There is a conceptual version of HTML that's non-regular, but HTML as used in practice is regular, because the standard allows parsers to impose a maximum nesting depth, and all browsers that I know of do so (e.g. Webkit limits to 512). Every finite language is regular, so HTML with a finite tag-nesting depth is regular. Therefore you could in principle parse the subset of HTML recognized by Webkit using a regular expression.

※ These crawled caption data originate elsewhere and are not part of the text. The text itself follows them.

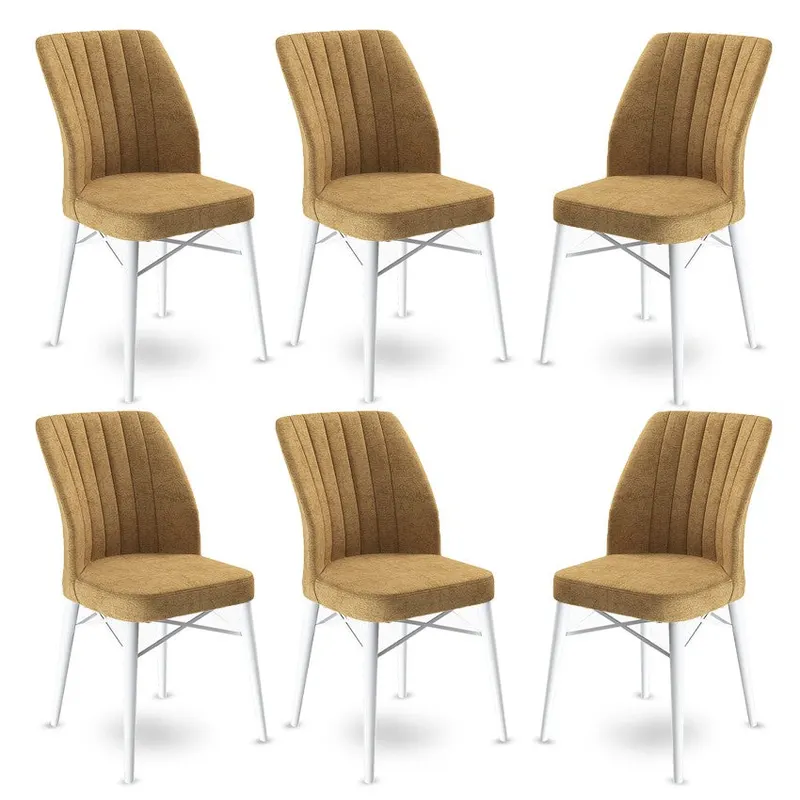 Set de scaune Flex, Diverse culori, Diverse configurații, 45x42x93 cm - Cappuccino - Alb / 6 bucăți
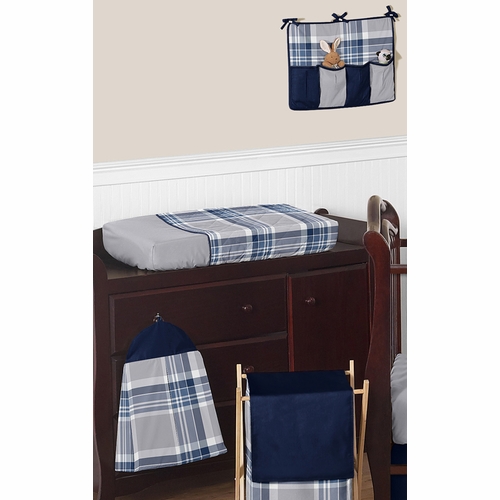 Plaid Navy Blue and Gray 11 Piece Bumperless Crib Bedding Collection - alt image 1
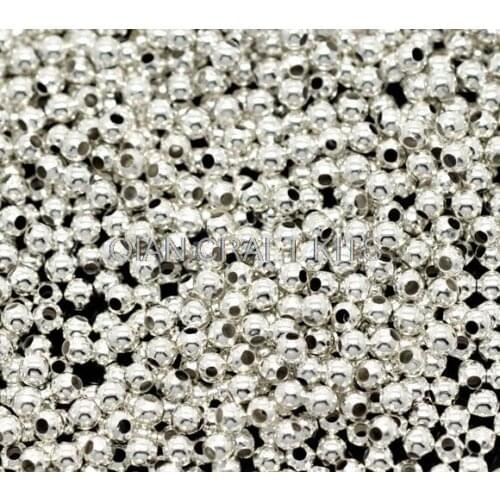 Wholesale Lots approx 5000pcs Silver Plated Smooth Round Iron Metal Spacers Beads 2mm-4mm mix size-XD0026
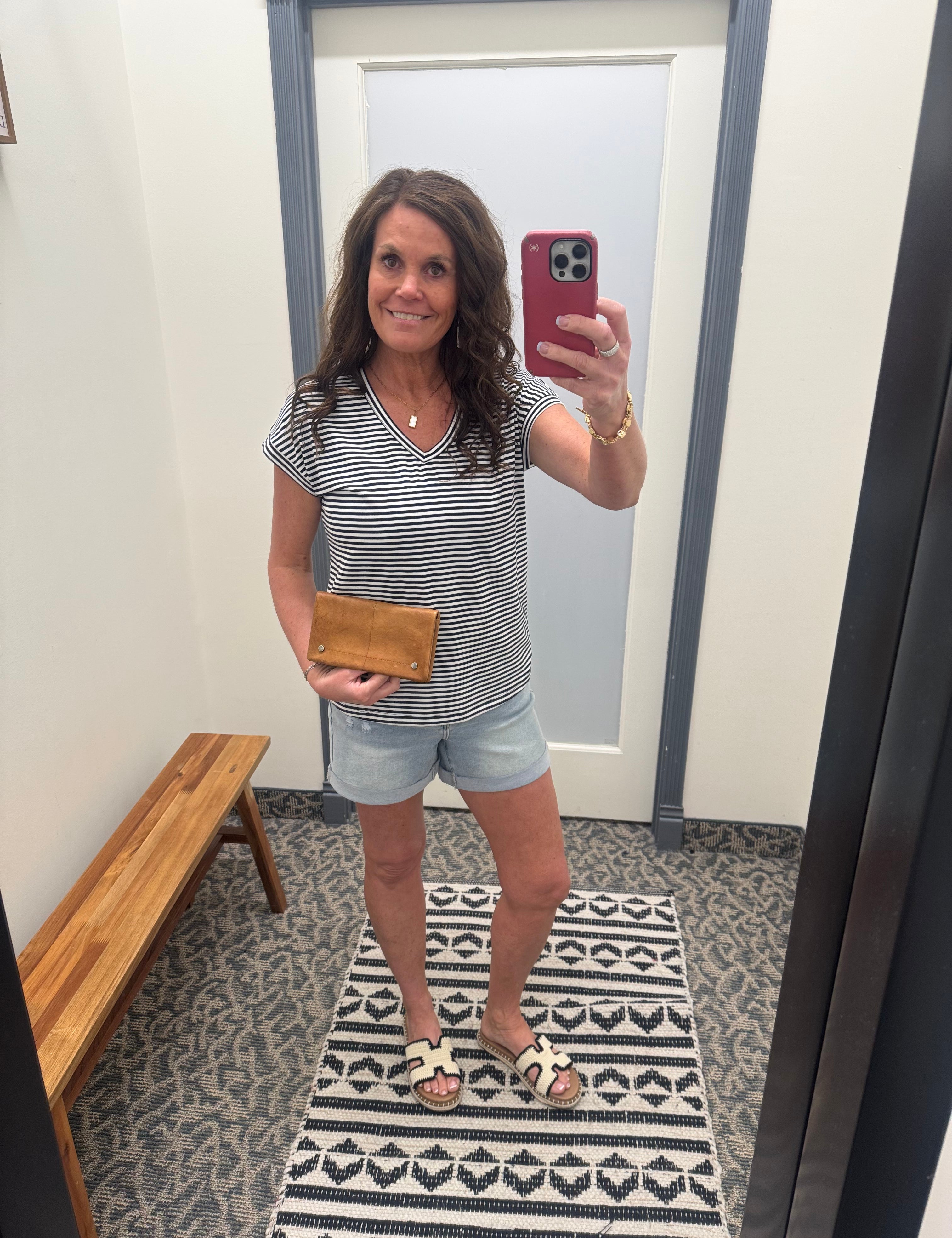 Blue/White Striped V-Neck Top Top - Tee STACCATO
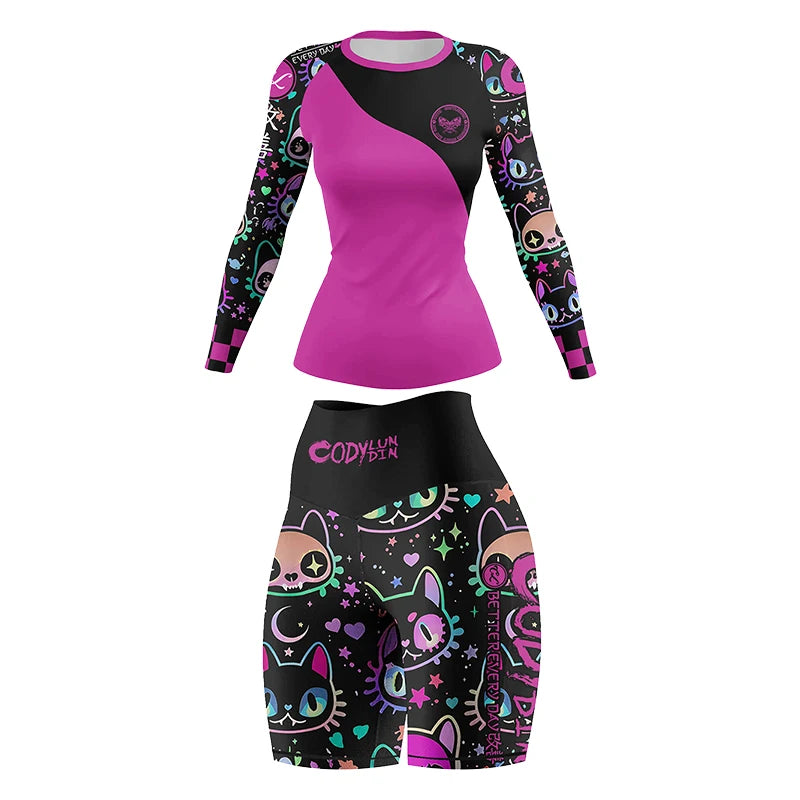 Cody Women Rash Guard Gym Clothing MMA Tight Sportswear Jiu Jitsu Rashguard T-shirts+Pant Boxing Grappling Shorts 4pcs/Set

It's impractical and error-prone to do so, of course, but that's not a computability issue. You could write a compiler, if you really wanted to, that took a context-free grammar plus an integer specifying maximum production depth, and mechanically converted it to an FSM or regex. Therefore I think the article is barking up the wrong tree with computability; the issue isn't what's computable by a finite vs. pushdown automaton, but that parsing nested data structures with regexes is virtually impossible to do correctly.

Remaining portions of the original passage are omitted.